**Exercise aim**
All of the data needs to come back exactly as written.

(Scraped caption text data)
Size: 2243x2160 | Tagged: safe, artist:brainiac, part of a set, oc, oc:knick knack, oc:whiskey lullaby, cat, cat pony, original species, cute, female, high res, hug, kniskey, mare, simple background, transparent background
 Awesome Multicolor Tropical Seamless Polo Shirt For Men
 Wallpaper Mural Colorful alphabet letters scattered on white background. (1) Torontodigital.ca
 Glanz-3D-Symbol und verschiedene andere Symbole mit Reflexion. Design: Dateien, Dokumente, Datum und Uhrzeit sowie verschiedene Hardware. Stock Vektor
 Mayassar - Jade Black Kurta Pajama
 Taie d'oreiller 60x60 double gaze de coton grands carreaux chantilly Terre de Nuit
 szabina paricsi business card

**Exercise result**
Size: 2243x2160 | Tagged: safe, artist:brainiac, part of a set, oc, oc:knick knack, oc:whiskey lullaby, cat, cat pony, original species, cute, female, high res, hug, kniskey, mare, simple background, transparent background
 Awesome Multicolor Tropical Seamless Polo Shirt For Men
 Wallpaper Mural Colorful alphabet letters scattered on white background. (1) Torontodigital.ca
 Glanz-3D-Symbol und verschiedene andere Symbole mit Reflexion. Design: Dateien, Dokumente, Datum und Uhrzeit sowie verschiedene Hardware. Stock Vektor
 Mayassar - Jade Black Kurta Pajama
 Taie d'oreiller 60x60 double gaze de coton grands carreaux chantilly Terre de Nuit
 szabina paricsi business card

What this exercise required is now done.